Y a-t-il une technique ou un mouvement que tu aimes beaucoup ?

… j’aime bien travailler, sur la forme de Ai hanmi katate dori, ikkyo, kote gaeshi, irimi nage. Ces trois mouvements m’inspirent beaucoup.

Tu sais pourquoi ?

Non. C’est devenu comme ça. Je travaillais dans les deux sens, en prenant la main comme ça, et comme ça (montrant avec ses mains).

Je me souviens que quand j’ai fait une interview avec Brahim, il m’a dit à un moment qu’il avait peur de toi.
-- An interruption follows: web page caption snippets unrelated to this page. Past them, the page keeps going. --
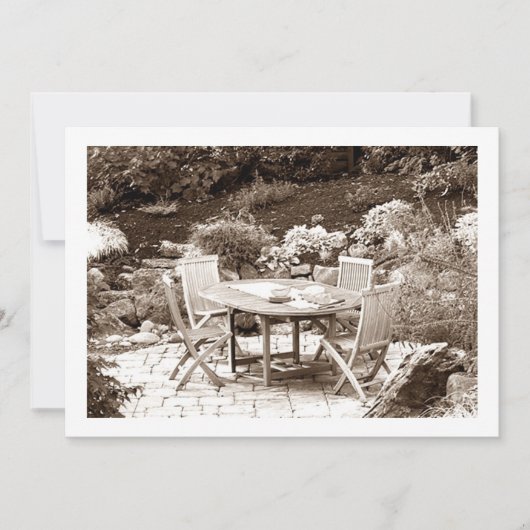 一緒に行っておもしろい招待状 招待状 (正面)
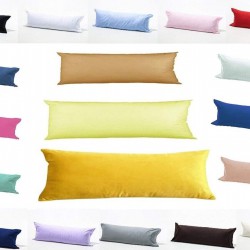 Luxury Orthopedic Bolster Pillowcase Cover Nursing Pregnancy Long Pillowcases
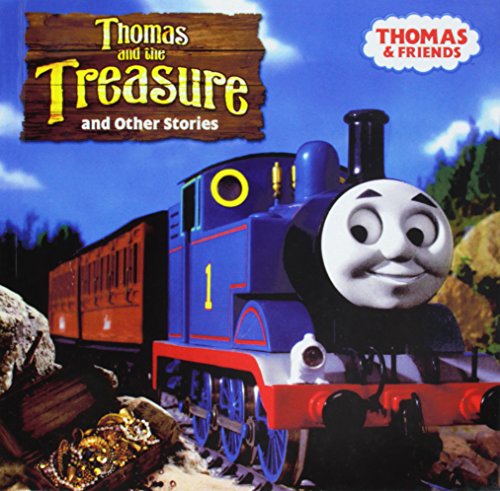 Beispielbild fr Thomas and the Treasure: And Other Stories (Thomas and Friends Pictureback) zum Verkauf von ThriftBooks-Dallas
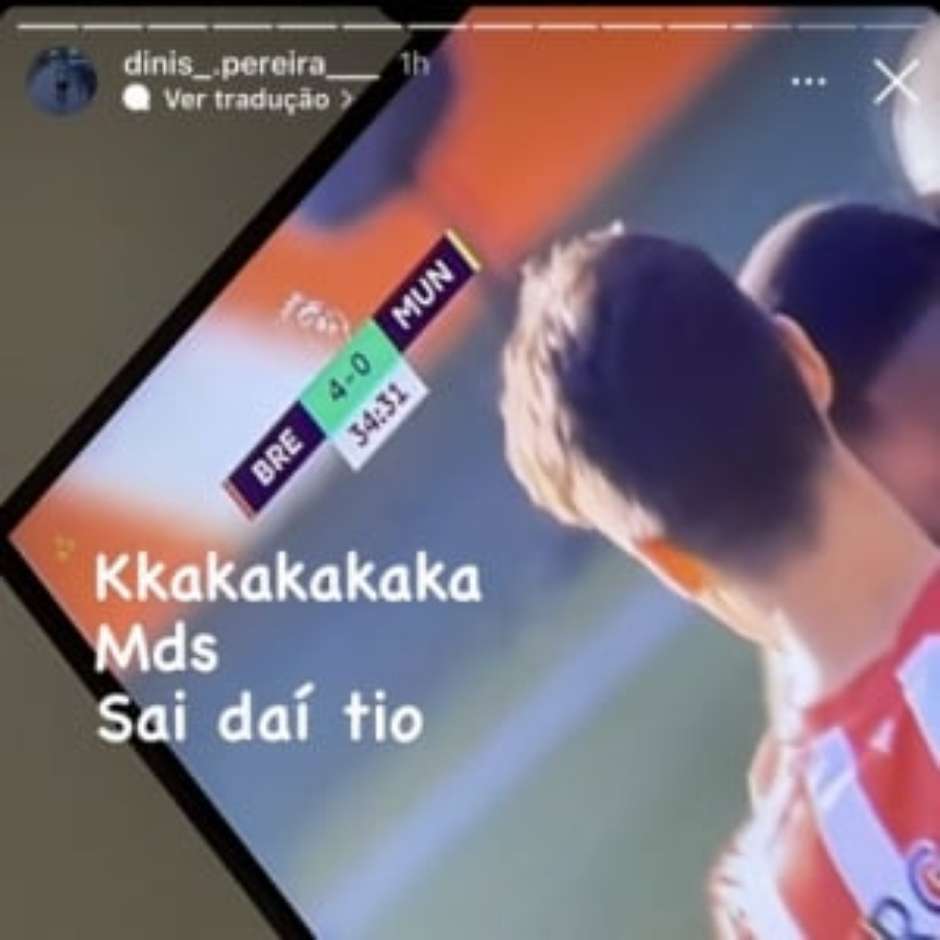 E o sobrinho do CR7 dando spoiler de onde ele vai jogar e xingando o  Manchester United? : r/futebol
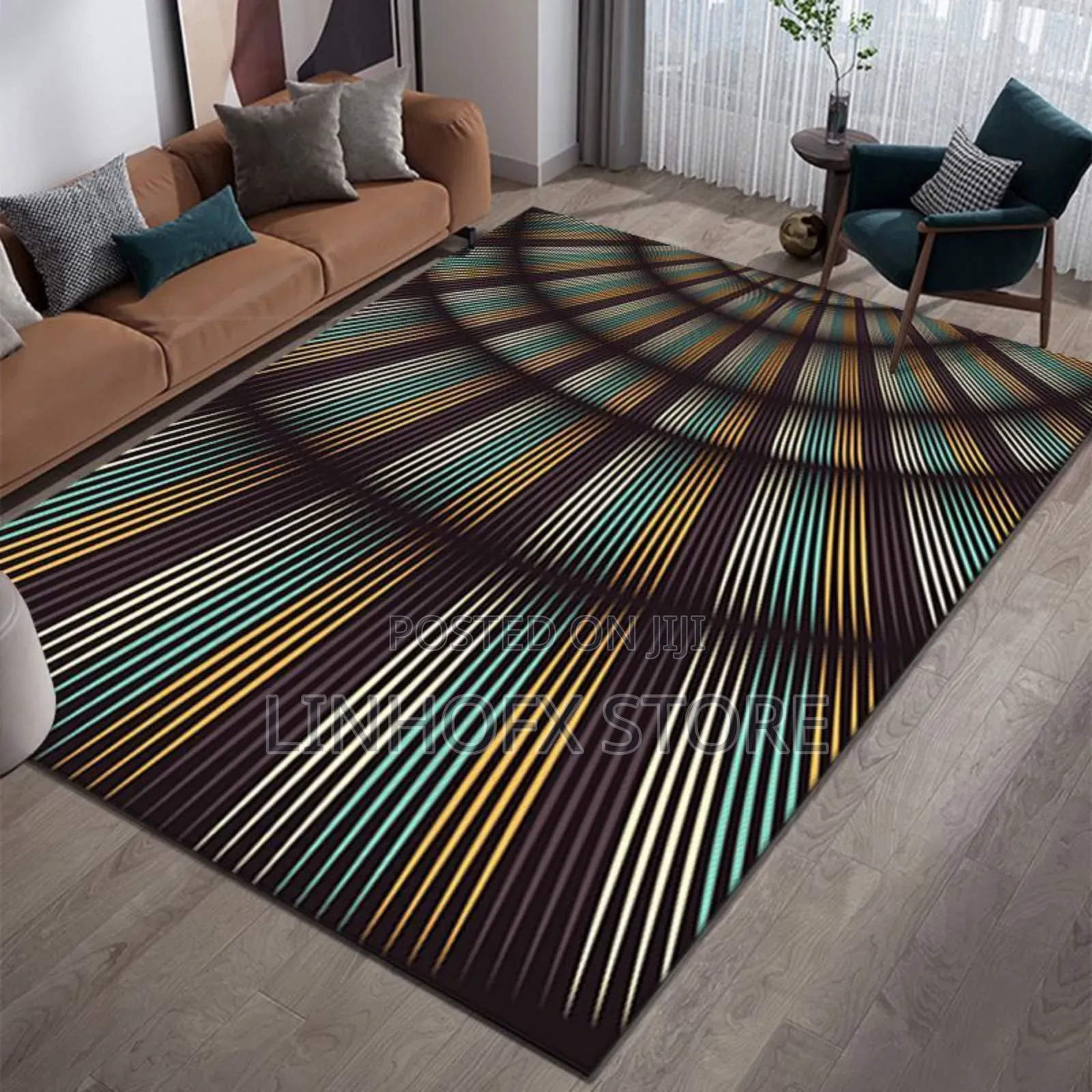 3d Center Carpet 160x230cm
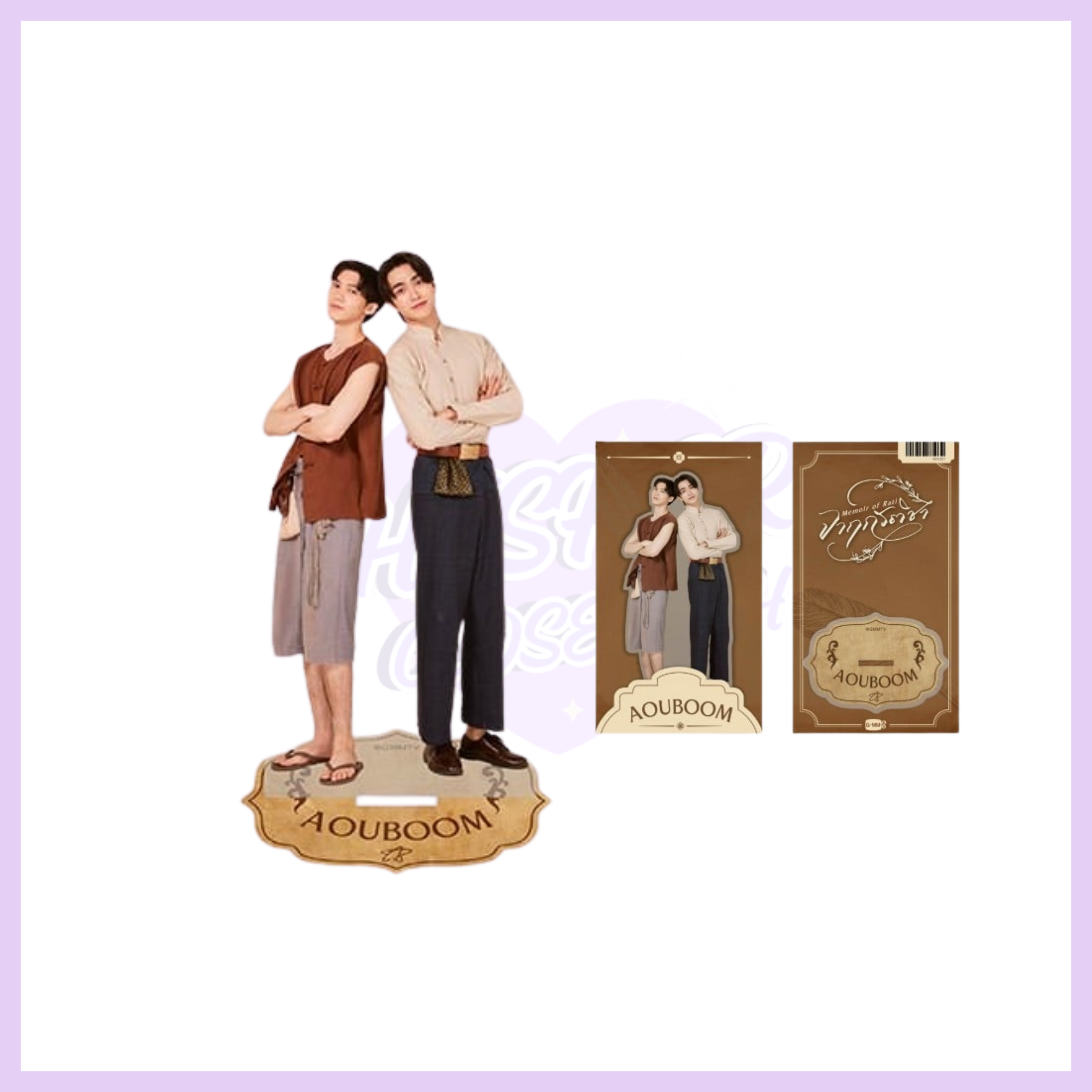 AOUBOOM ACRYLIC STANDEE |  MEMOIR OF RATI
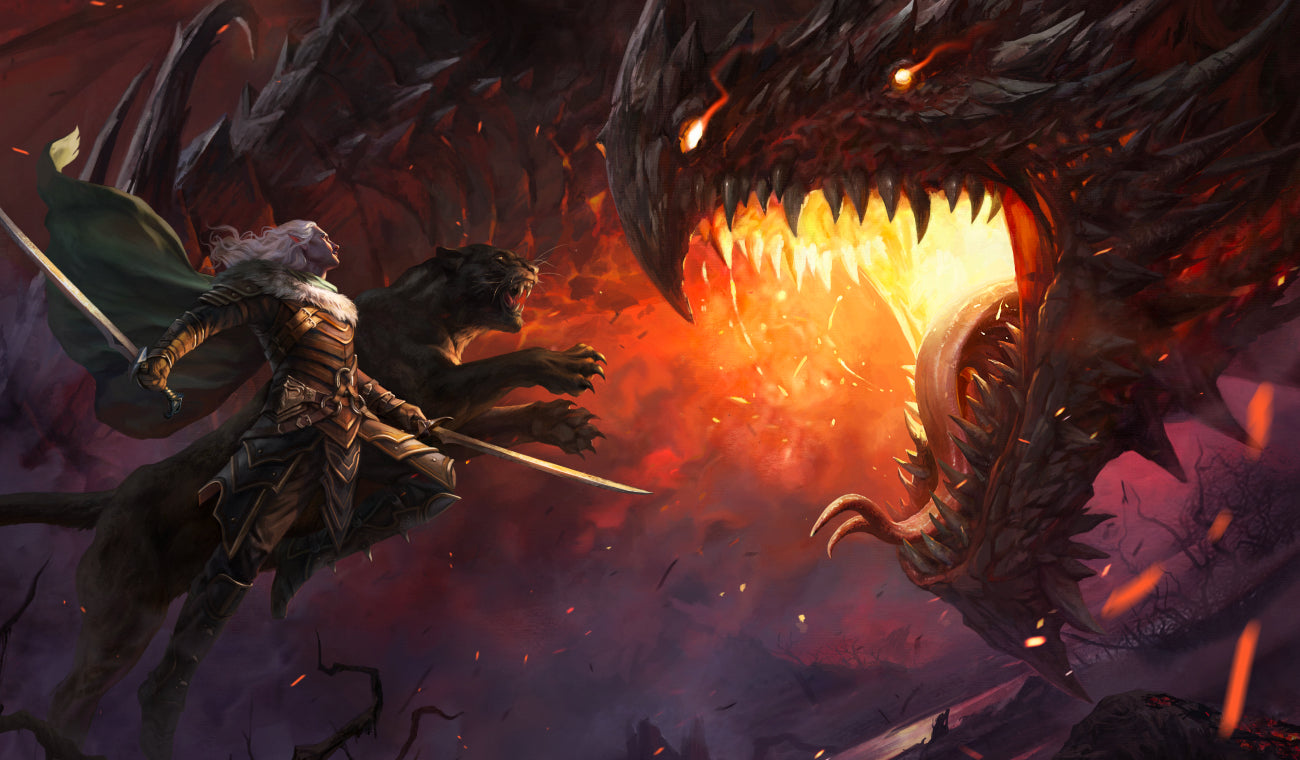 MAGIC: THE GATHERING - DUNGEONS & DRAGONS: ADVENTURES IN THE FORGOTTEN REALMS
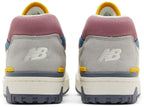 New Balance 550 Sea Salt Rosewood Lemon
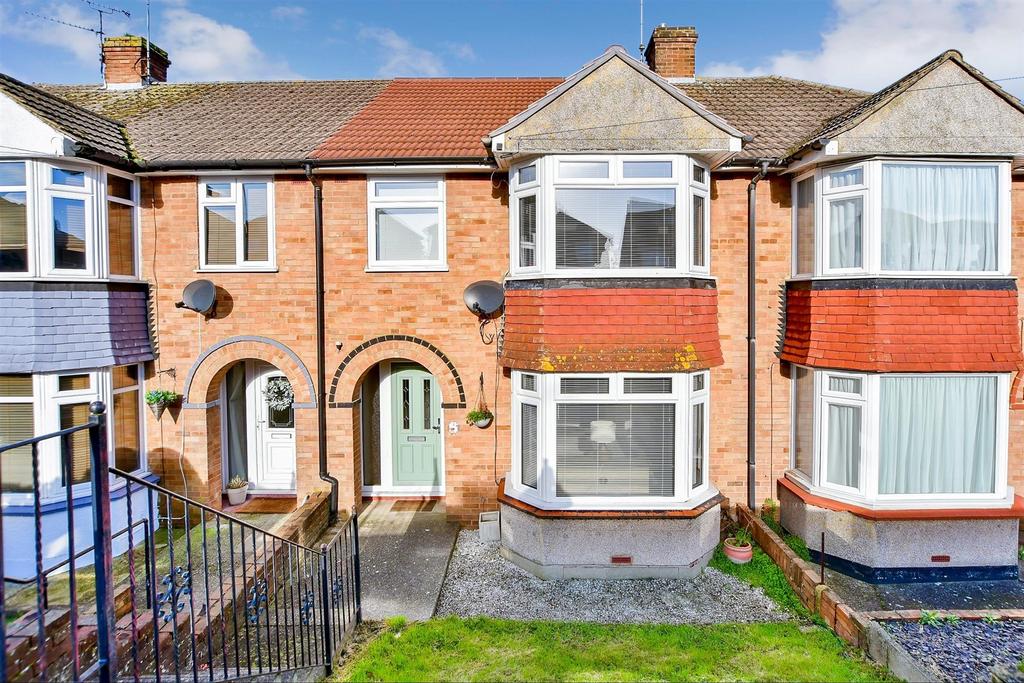 Maidstone Road, Rainham, Gillingham... 3 bed terraced house for sale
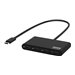 PORT DESIGNS USB Hub Type-C 4Ports TypeC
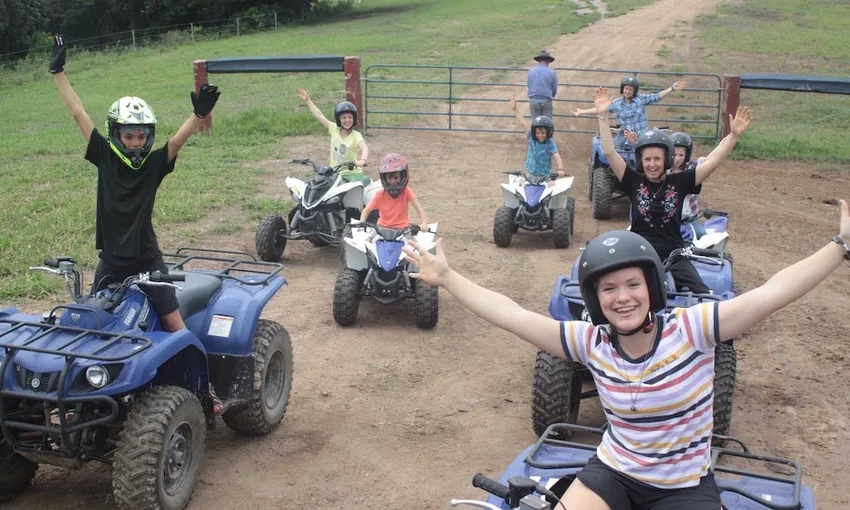 Cairns ATV Tour & Petting Zoo Entry - Book Now | Experience Oz
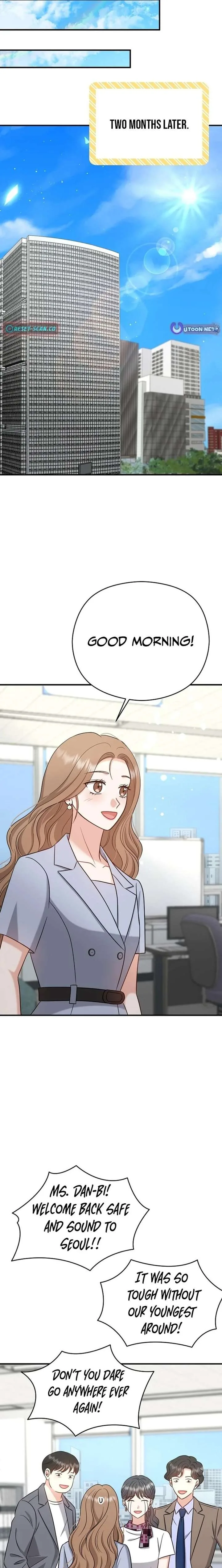 My Sweet Second Proposal Chapter 38 page 22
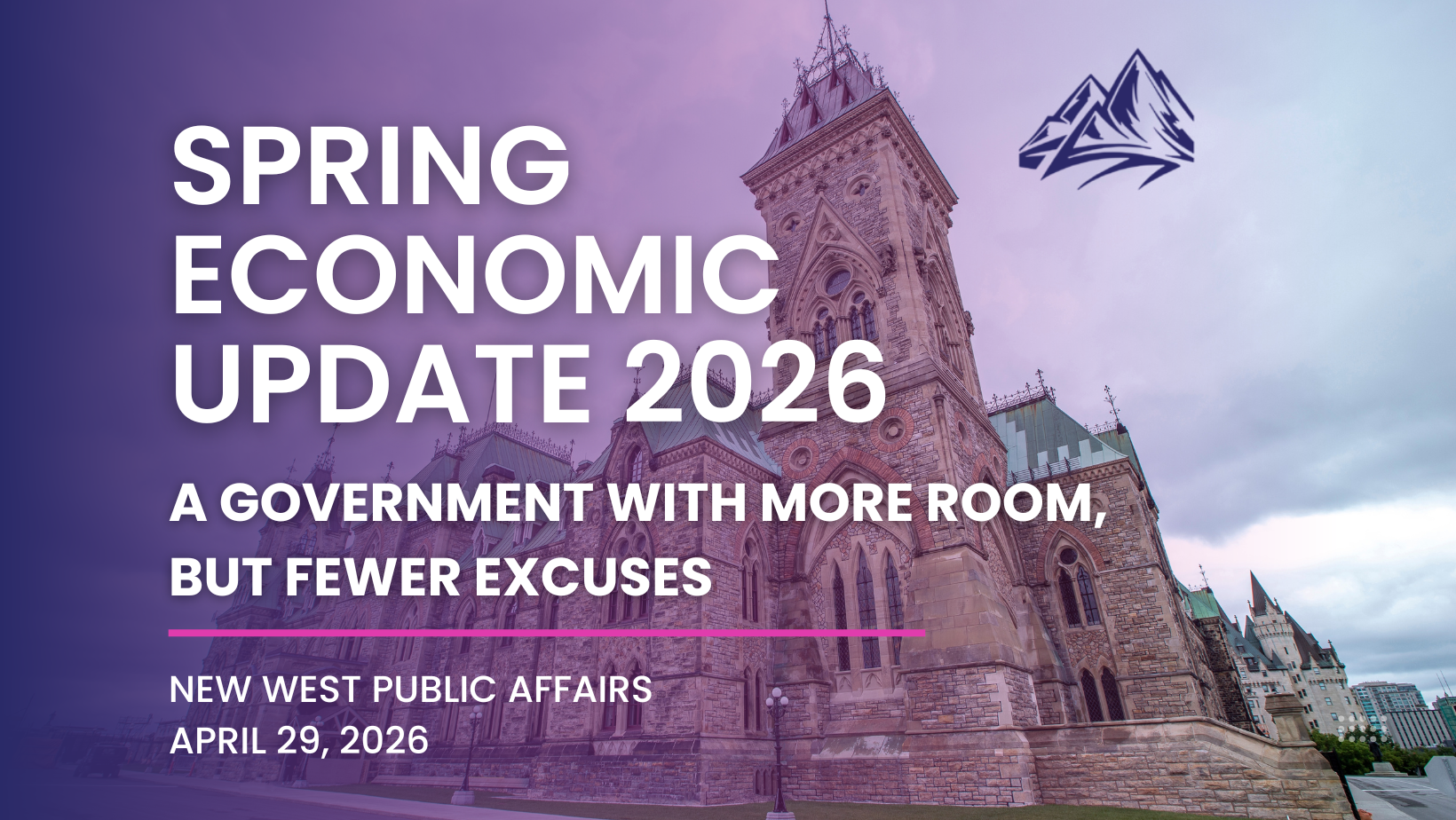 Spring Economic Update 2026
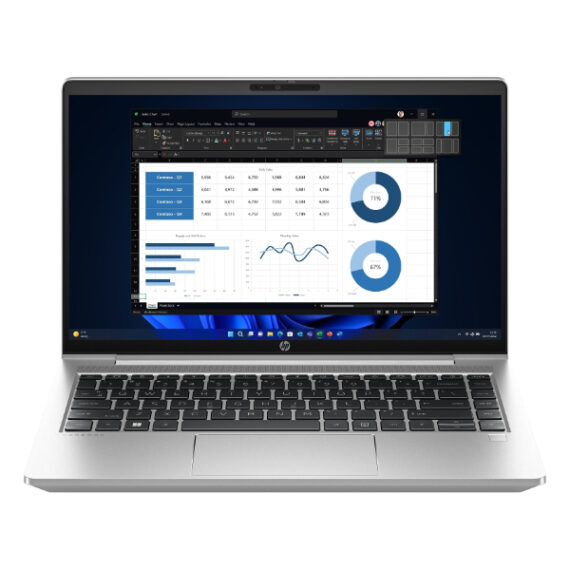 Ordinateur Portable HP ProBook 440 G10 - Intel(R) Core(TM) i5-1335U - 8Gb - 512Gb 14" LED Full HD – Image 2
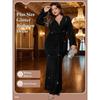 X 39244 Plus Size Long Sleeve Elegant Evening Dress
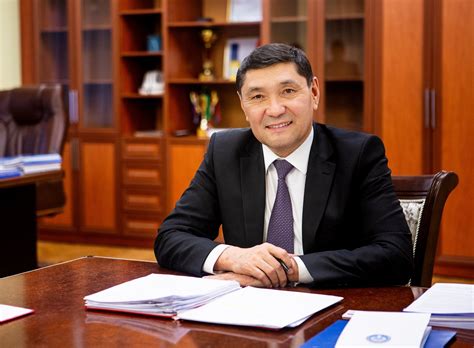 Аскарбек Сапарбекович Джаныбеков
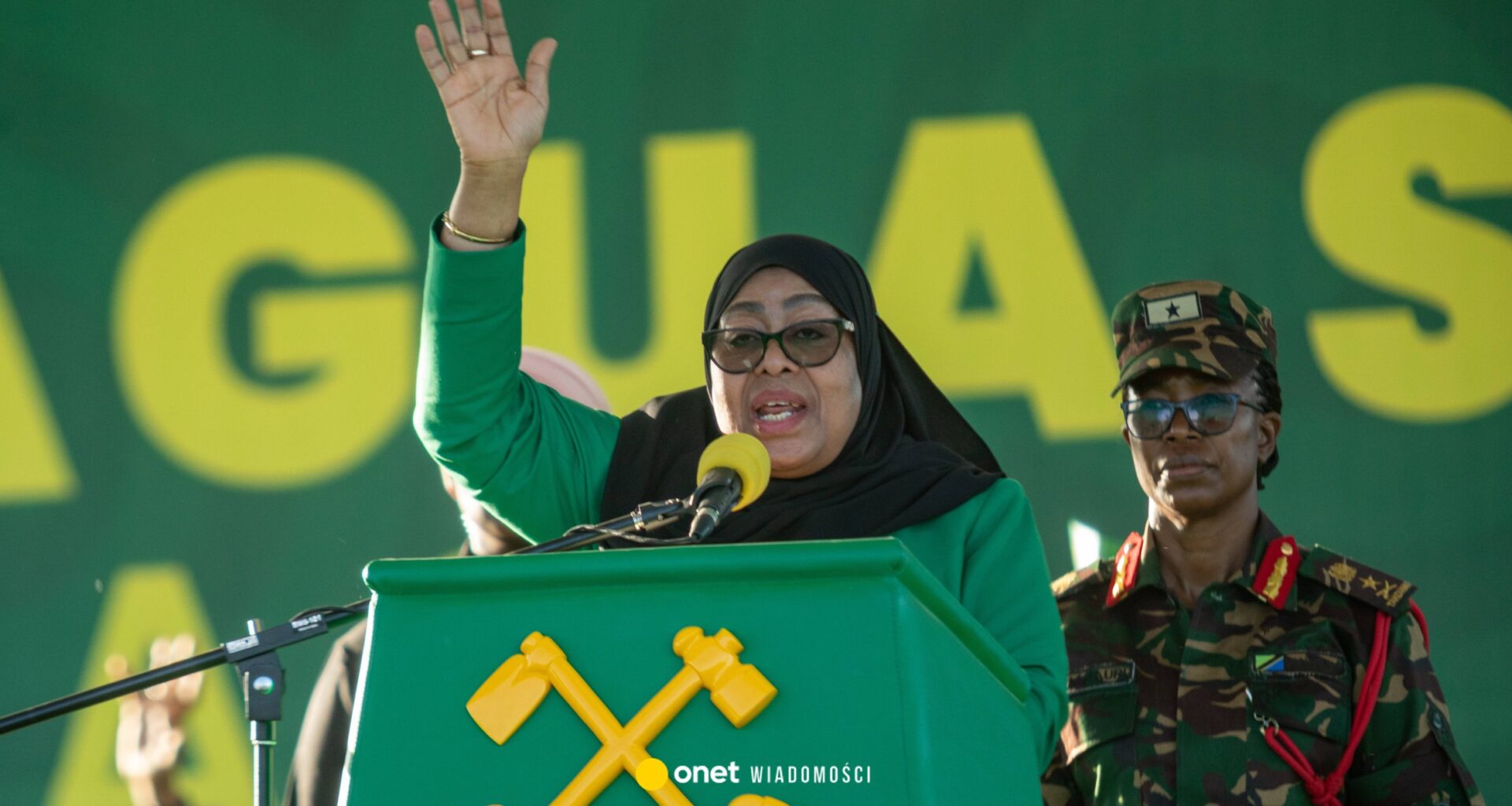 Samia Suluhu Hassan zdobyła 98 proc. poparcia. Opozycja grzmi o parodii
C’est très dur quand tu enseignes.

Ce n’est pas une question d’être dur, c’est ma nature. J’ai beaucoup de respect en art martial. Je ne le prenais pas à la légère. L’aïkido, pour moi, c’est très sérieux. Je voulais apprendre, mais je voulais aussi écouter, regarder. Quand j’enseigne, je souhaite que les gens écoutent et regardent. Ce n’est pas être dur, c’est le respect de l’aïkido. Évidemment, en aïkido, quand on est jeune on travaille un peu physiquement. Ce n’est pas pareil à 40 ans et maintenant. J’étais un peu dur d’esprit : chacun à sa place, le respect de l’autre et regarder attentivement. Lorsque je fais un cours, cela doit être vivant. Réellement, je ne suis pas dur ; mais martial. C’est d’ailleurs pour ça que je suis encore là.

Et puis, ce n’est pas facile de pratiquer avec un fils. Je m’en rends compte maintenant, je peux convaincre d’autres enfants, mais pas les miens. Heureusement, j’ai de la chance avec mon fils. Il n’a jamais préparé un grade. Il pratiquait dans mon club comme tout le monde. Je voyais comment il travaillait et je lui disais « je te présente au passage de grade ». Et j’ai de la chance : il me dit toujours oui, et ça passe. Chaque fois que je lui dis quelque chose, il me dit « oui, papa ». Voilà comment marchent les choses.

Tu parlais de Nocquet : tu avais des contacts avec lui ?

À cette époque, je le voyais mais je n’avais pas de contact avec lui. Lorsqu’il faisait un stage, j’y participais et j’aimais bien le travail au jo. Maitre Nocquet adorait travailler avec le jo.